Will Driscoll, executive director of the Virginia Sports Hall of Fame, reports that Ronde Barber, named to the Pro Football Hall of Fame in the past week, will be the 13th member of the Virginia Sports Hall to be enshrined in Canton, Ohio.
Barber, a standout defensive back at Cave Spring High School in Roanoke County and at the University of Virginia, played 16 seasons for the Tampa Bay Buccaneers before he retired following the 2012 season.
He will be third former UVa player to be enshrined, following running back Bill Dudley from Bluefield in 1966 and offensive lineman Henry Jordan from Newport News in 1995.
Virginia Tech was represented by defensive lineman Bruce Smith from Norfolk in 2009 after another Tidewater product, defensive lineman Lawrence Taylor from Williamsburg and the University of North Carolina, had gone in 1999.
Others included Hampton’s Dwight Stephenson, a Hampton graduate who played center at Alabama before joining the Miami Dolphins, where he was a five-time AFC offensive lineman of the year.
James Madison has been represented in the Pro Football Hall of Fame by Charles Haley, who played for the San Francisco 49ers from 1986-91, after which he played for the Dallas Cowboys from 1992-96, only to return to San Francisco in 1999.
Haley is a graduate of William Campbell High School in Gladys, located between Rustburg and Naruna in Campbell County.
Not to be overlooked is Willie Lanier, born in Clover in Halifax County. Lanier, who went to Maggie Walker High School in Richmond, was a linebacker for the Kansas City Chiefs from 1967-77 and was a major figure in the Chiefs’ 23-7 upset of Minnesota in Super Bowl IV in 1969.
A name that has been overlooked over the years is George Preas, an offensive lineman on the 1958 Baltimore Colts’ NFL championship team, which defeated the New York Giants in overtime in what was called “the greatest game ever played.”
Preas, who was born in Roanoke and attended Jefferson High School, played at Virginia Tech and was selected in the fifth round of the 1955 draft. Tech had lost 41 consecutive games at the time Preas enrolled but went 8-0-1 in 1954.
Although Preas is a member of the Virginia Sports Hall of Fame and was in the first class of the Virginia Tech Sports Hall of Fame, the NFL wasn’t able to recognize him prior to his death in Roanoke in 2007.
The latest Southside representative to leave his mark is Juan Thornhill, a defensive back from Altavista High School who had an interception Sunday in the Super Bowl, contributing to the Chiefs’ 38-35 victory over Philadelphia.

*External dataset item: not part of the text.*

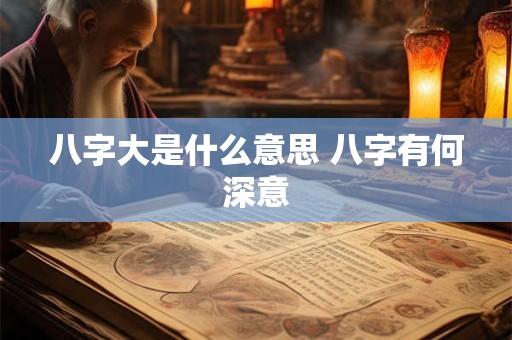 八字大是什么意思 八字有何深意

He was a second-round pick of the Chiefs in 2019, when he was the 63rd pick overall out of the University of Virginia.
Around the ACC
ACC men’s basketball coaches haven’t exactly gotten along this year, witnessed by comments made by 44th-year Syracuse coach Jim Boeheim, whose Orange held off N.C. State Tuesday night in Syracuse, 75-72, to raise Syracuse’s record to 16-10.

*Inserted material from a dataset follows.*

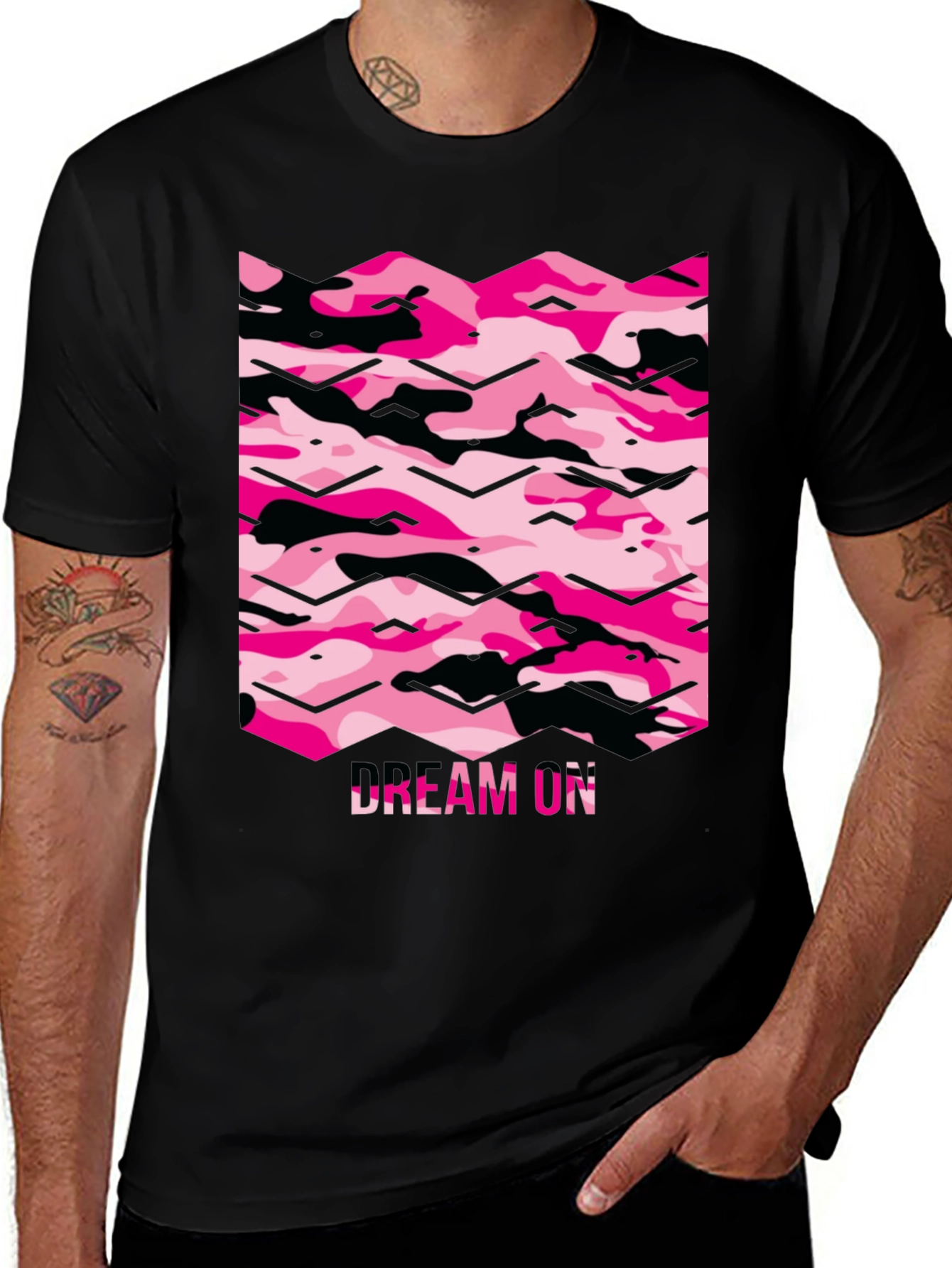 Variant 28 of Dream On Camo Print Black T-Shirt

One week earlier, Boeheim had taken a shot at Pittsburgh’s coach, claiming in an interview with ESPN’s Pete Thamel that his rival’s staff had purchased players.
“This is an awful place we’re in in college basketball,” Boeheim was quoted. “Pittsburgh bought a team, OK? Fine. My [major donor] talks about it, but he doesn’t give anyone any money. Nothing. Not one guy.
“Our guys make like $20,000. Wake Forest bought a team. Miami bought a team. It’s like, ‘Really, is that where we are? That’s where we are and it’s only going to get worse.”
Syracuse is scheduled to play at Pittsburgh on Feb. 25. In the meantime, Wake Forest coach Steve Forbes has rejected Boeheim’s comment as it applied to the Deacons.
Josh Clifford, a walk-on who played football for his father at Glenvar High School before spending five years at Virginia, has accepted a position as an intern at Wake Forest, where the staff includes another ex-Cavalier, Wayne Lineburg, who is the Deacons’ special-teams coordinator.